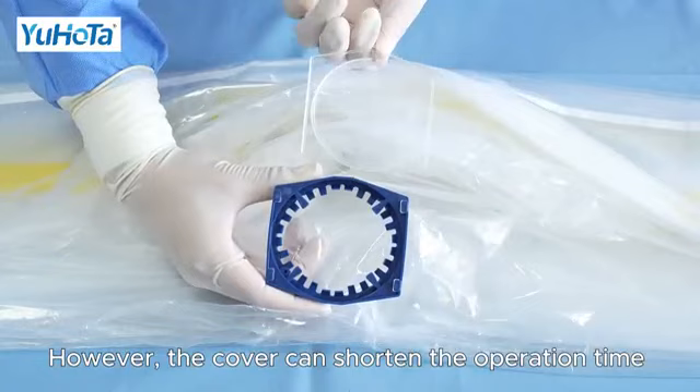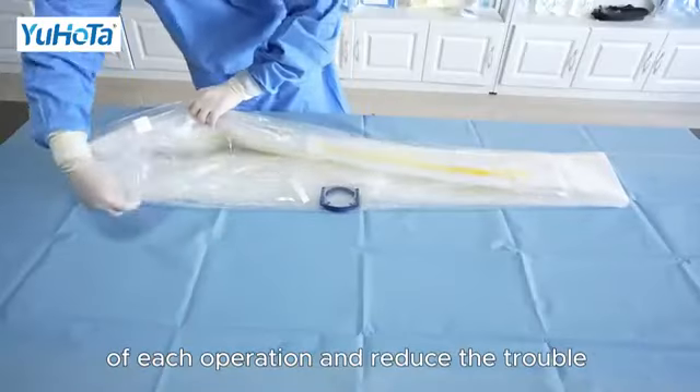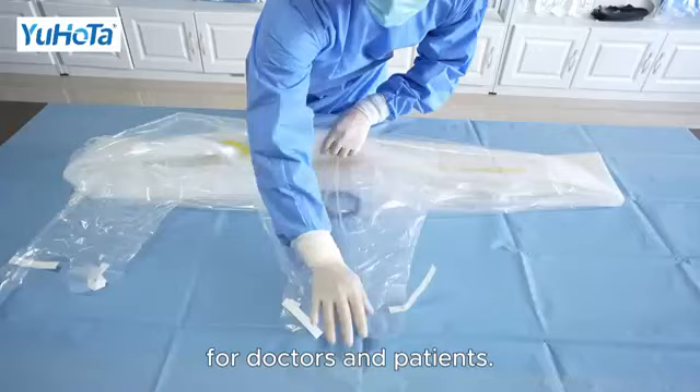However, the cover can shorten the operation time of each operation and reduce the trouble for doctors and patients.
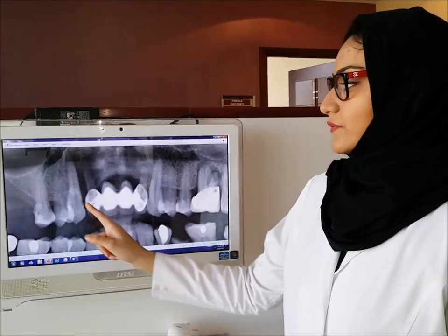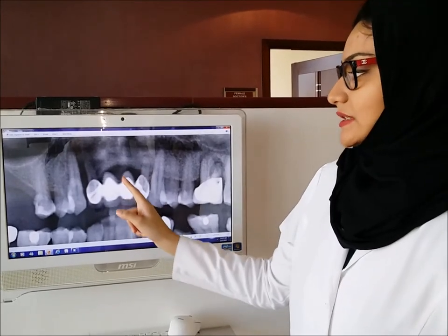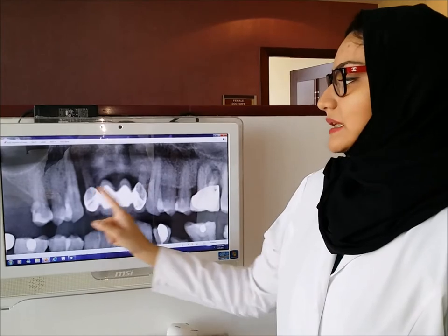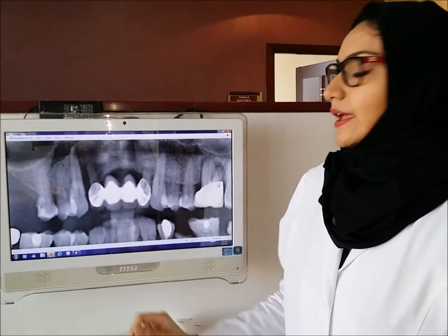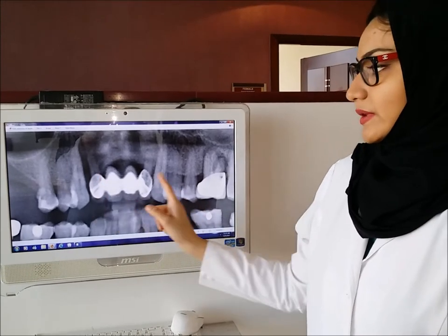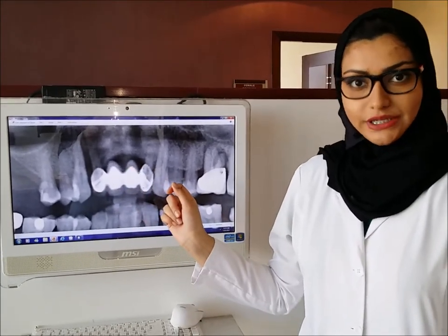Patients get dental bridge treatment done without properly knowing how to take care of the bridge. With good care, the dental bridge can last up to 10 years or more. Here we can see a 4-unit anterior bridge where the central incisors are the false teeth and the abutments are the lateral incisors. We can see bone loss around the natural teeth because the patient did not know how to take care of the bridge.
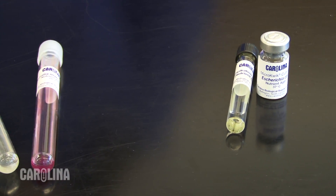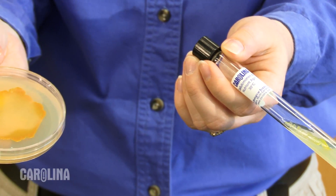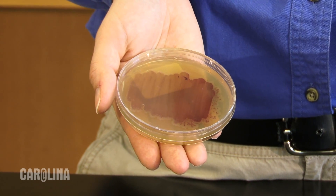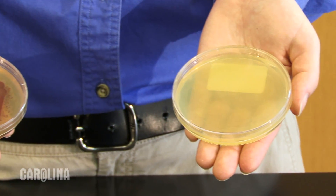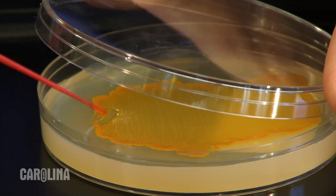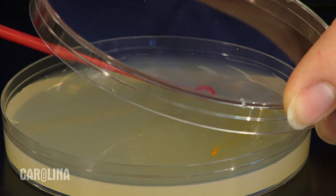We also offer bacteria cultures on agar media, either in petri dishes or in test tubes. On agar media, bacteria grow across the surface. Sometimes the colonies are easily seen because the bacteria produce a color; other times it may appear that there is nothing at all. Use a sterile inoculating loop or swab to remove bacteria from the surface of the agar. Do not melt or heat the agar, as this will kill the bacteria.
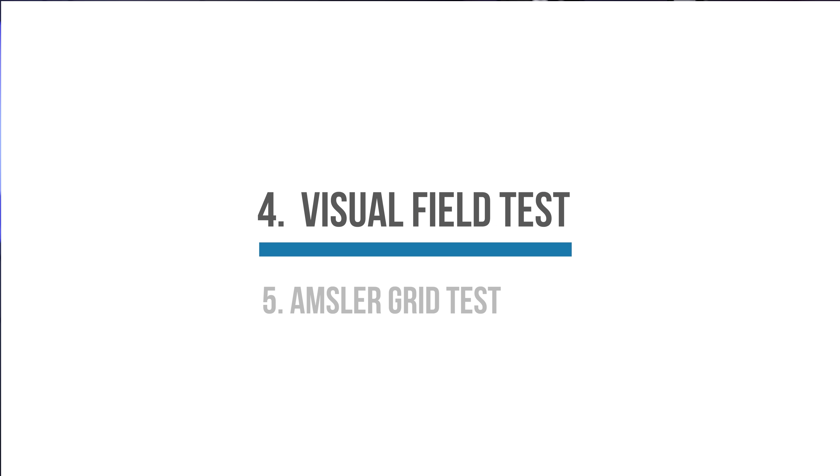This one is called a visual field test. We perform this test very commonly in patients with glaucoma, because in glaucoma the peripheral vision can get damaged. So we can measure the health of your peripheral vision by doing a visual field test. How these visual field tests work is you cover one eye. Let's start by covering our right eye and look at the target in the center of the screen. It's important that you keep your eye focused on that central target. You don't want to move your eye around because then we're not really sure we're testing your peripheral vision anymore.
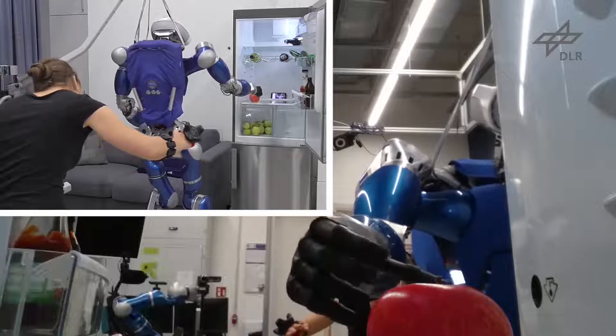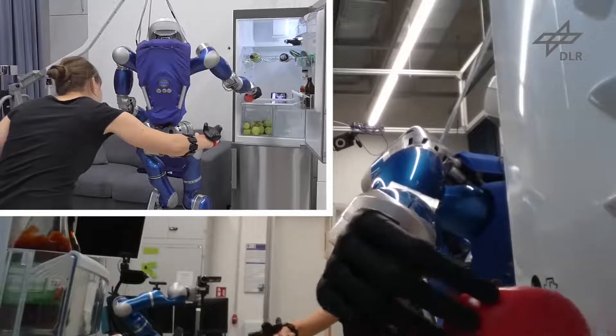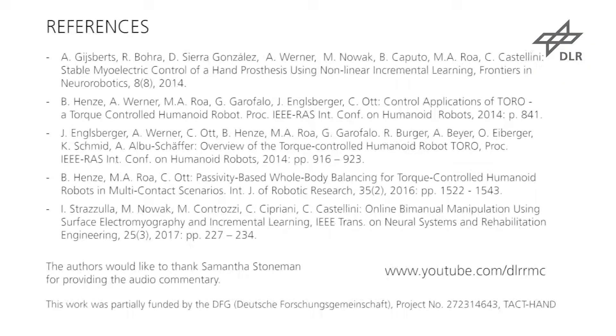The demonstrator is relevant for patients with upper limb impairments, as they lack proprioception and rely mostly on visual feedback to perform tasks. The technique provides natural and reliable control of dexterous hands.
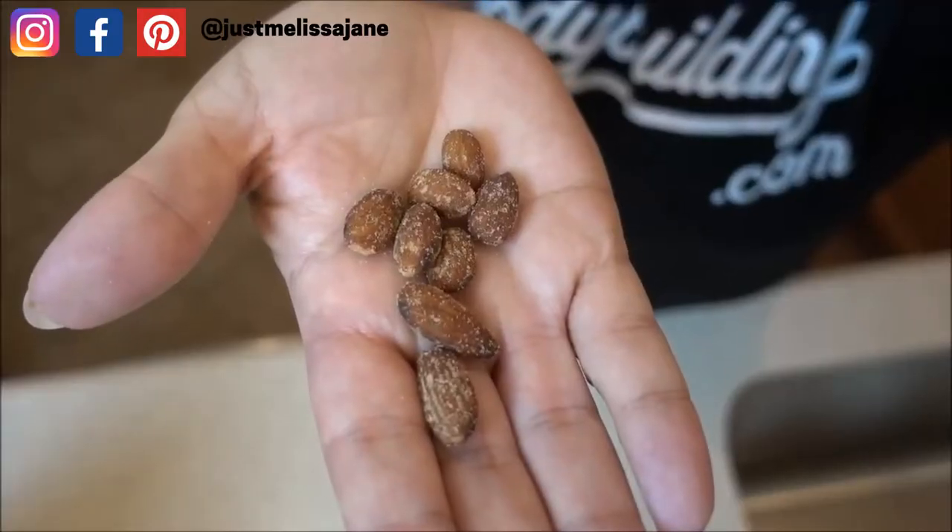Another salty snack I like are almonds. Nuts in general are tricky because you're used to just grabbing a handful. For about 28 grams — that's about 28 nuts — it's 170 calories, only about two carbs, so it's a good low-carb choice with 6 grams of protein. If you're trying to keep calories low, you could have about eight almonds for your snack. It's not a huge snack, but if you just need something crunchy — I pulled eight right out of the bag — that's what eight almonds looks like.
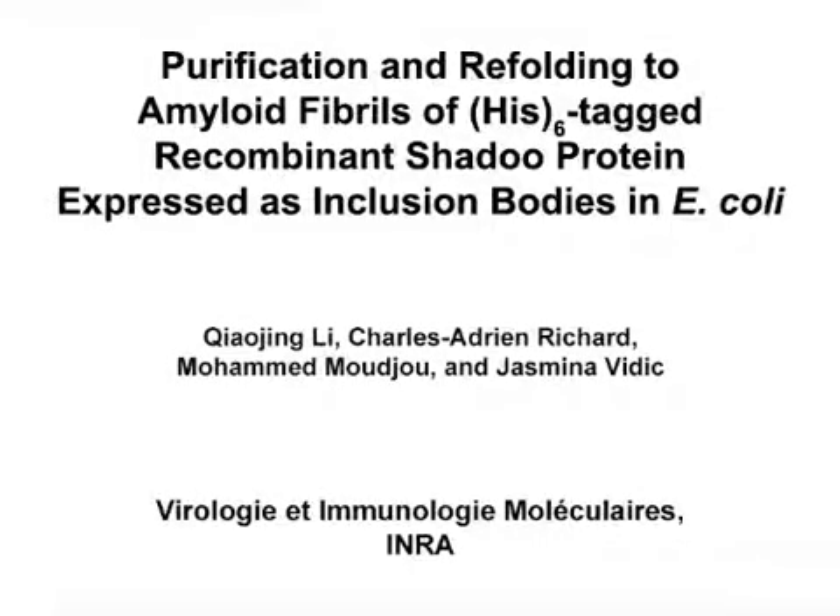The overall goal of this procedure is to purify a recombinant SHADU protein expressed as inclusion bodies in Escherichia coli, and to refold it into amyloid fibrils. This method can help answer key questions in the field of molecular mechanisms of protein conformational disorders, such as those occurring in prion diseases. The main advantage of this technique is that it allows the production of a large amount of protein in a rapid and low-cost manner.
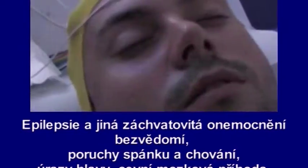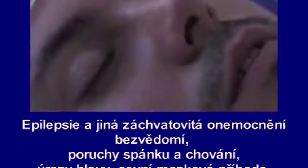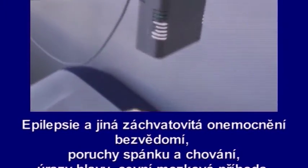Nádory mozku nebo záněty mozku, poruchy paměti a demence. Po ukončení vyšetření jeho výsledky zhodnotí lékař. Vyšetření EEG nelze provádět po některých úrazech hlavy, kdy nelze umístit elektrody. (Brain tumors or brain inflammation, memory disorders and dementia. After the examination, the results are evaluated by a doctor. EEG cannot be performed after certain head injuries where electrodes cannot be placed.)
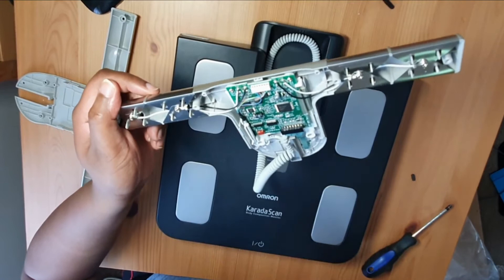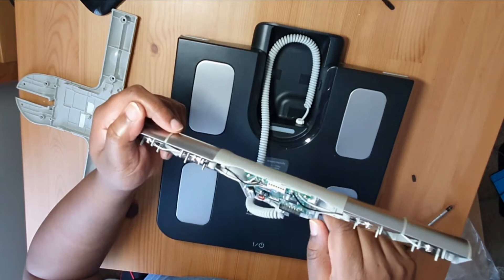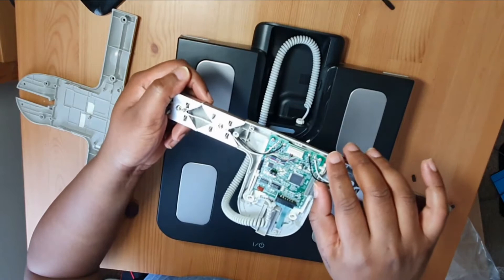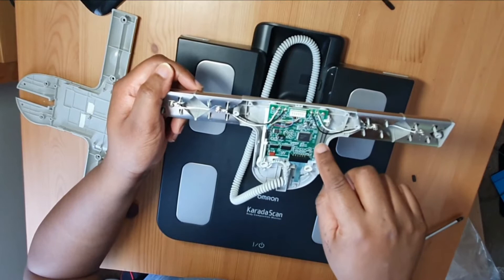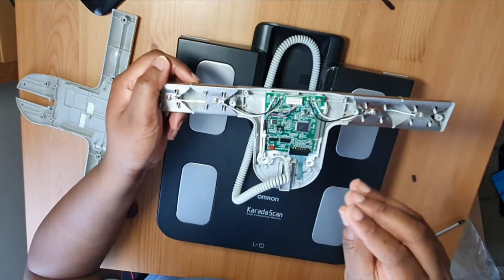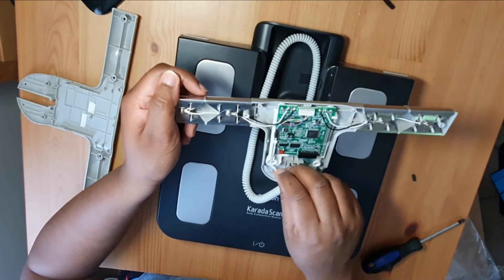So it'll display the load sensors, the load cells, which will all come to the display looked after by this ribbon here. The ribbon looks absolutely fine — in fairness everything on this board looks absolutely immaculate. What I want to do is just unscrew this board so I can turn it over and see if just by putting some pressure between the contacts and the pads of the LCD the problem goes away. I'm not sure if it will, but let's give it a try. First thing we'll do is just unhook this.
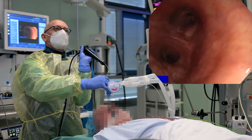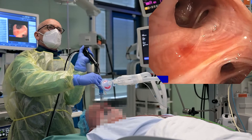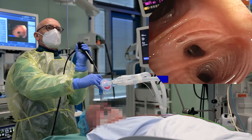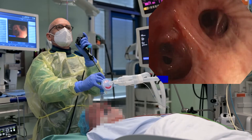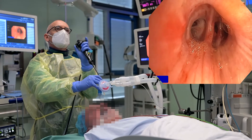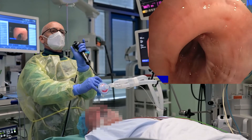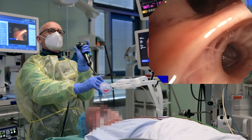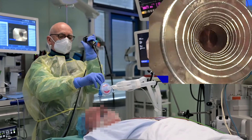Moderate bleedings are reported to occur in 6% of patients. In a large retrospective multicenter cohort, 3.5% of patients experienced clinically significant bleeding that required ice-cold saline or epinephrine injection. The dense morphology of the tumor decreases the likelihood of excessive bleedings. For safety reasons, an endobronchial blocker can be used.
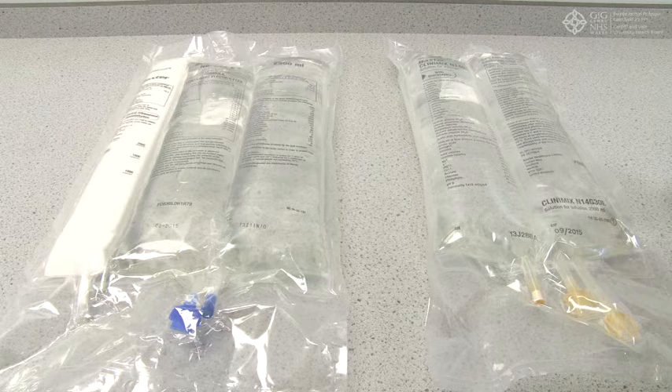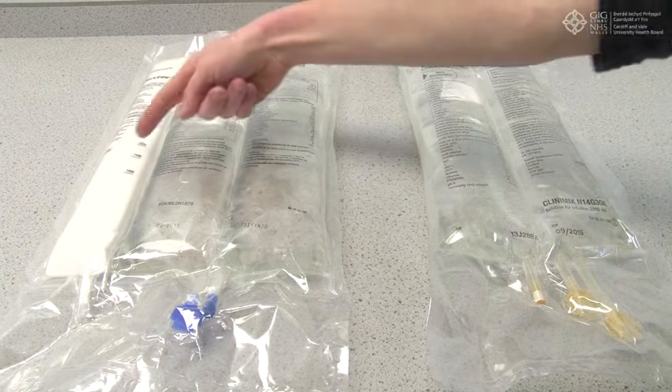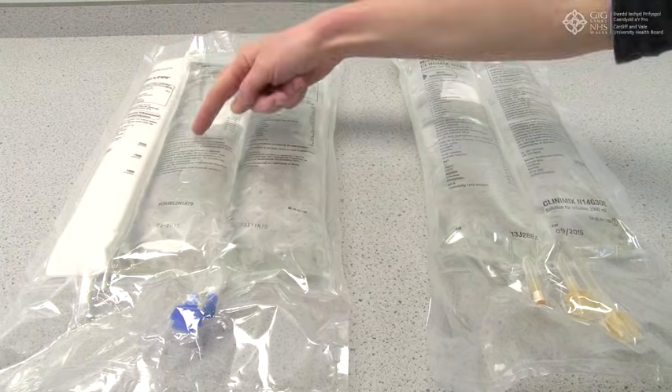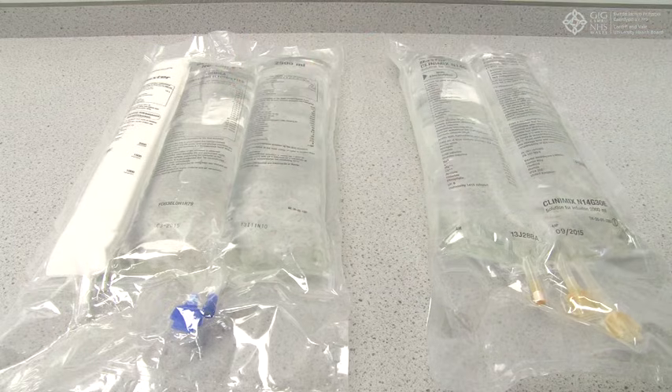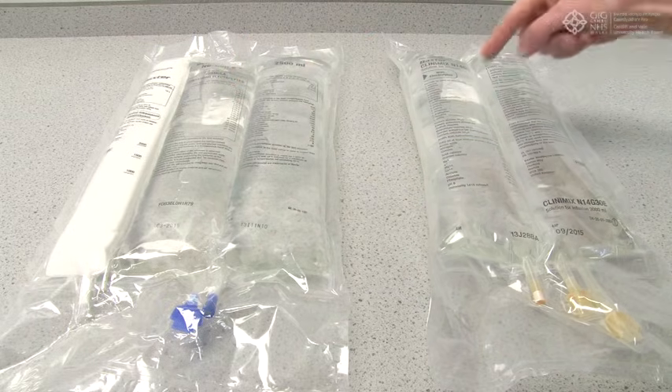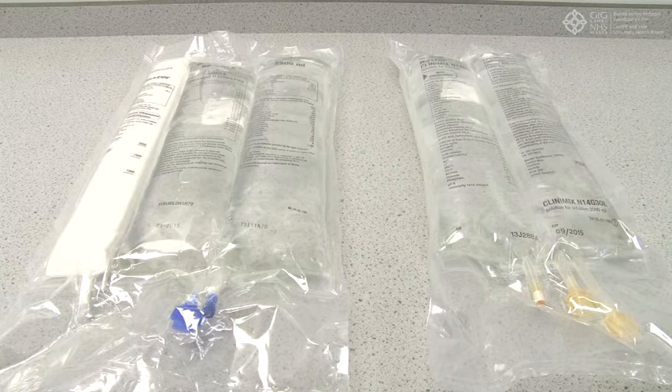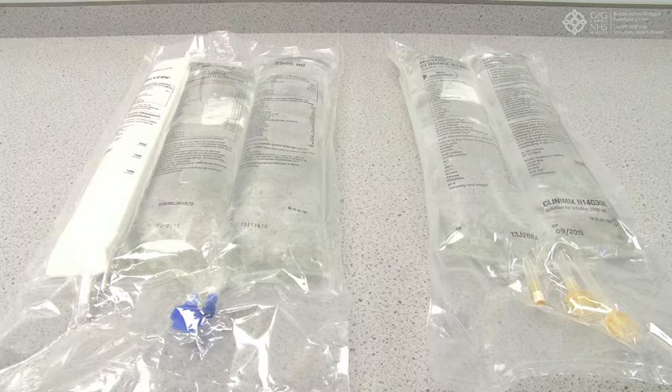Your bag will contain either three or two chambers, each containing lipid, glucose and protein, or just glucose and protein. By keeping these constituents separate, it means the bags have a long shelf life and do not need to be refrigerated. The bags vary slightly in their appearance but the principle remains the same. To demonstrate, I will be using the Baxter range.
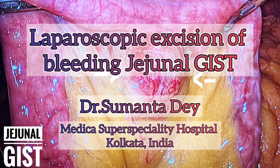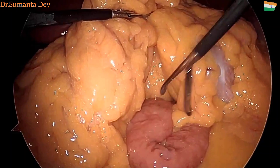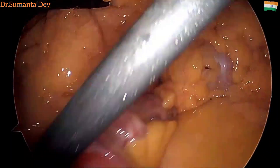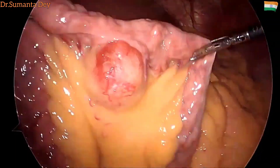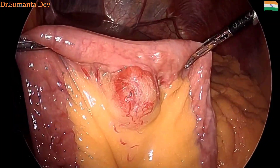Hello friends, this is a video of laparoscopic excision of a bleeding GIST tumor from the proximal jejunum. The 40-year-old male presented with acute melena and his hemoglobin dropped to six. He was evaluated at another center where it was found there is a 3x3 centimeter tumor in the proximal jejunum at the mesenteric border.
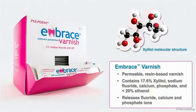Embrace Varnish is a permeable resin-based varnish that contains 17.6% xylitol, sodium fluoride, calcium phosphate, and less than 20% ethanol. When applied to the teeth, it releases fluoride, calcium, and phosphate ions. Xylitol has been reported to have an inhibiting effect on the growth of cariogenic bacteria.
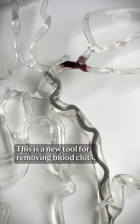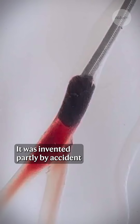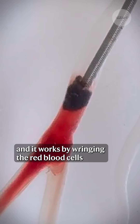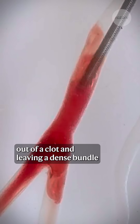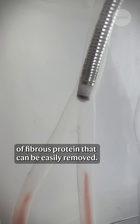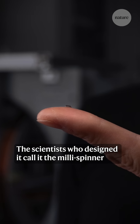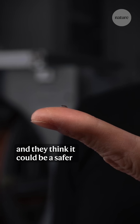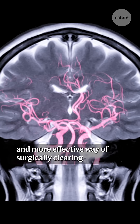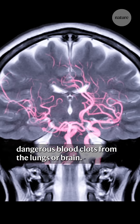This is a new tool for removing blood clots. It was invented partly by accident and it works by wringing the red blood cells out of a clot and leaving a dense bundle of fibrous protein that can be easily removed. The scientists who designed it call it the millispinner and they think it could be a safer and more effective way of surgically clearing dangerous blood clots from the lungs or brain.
---
**Brief**
For this exercise, reproduce exactly the lines of the records above from the one with "Nádory mozku nebo" up to and including the one with "So it'll display", without pictures.

**Task output**
Nádory mozku nebo záněty mozku, poruchy paměti a demence. Po ukončení vyšetření jeho výsledky zhodnotí lékař. Vyšetření EEG nelze provádět po některých úrazech hlavy, kdy nelze umístit elektrody. (Brain tumors or brain inflammation, memory disorders and dementia. After the examination, the results are evaluated by a doctor. EEG cannot be performed after certain head injuries where electrodes cannot be placed.)
So it'll display the load sensors, the load cells, which will all come to the display looked after by this ribbon here. The ribbon looks absolutely fine — in fairness everything on this board looks absolutely immaculate. What I want to do is just unscrew this board so I can turn it over and see if just by putting some pressure between the contacts and the pads of the LCD the problem goes away. I'm not sure if it will, but let's give it a try. First thing we'll do is just unhook this.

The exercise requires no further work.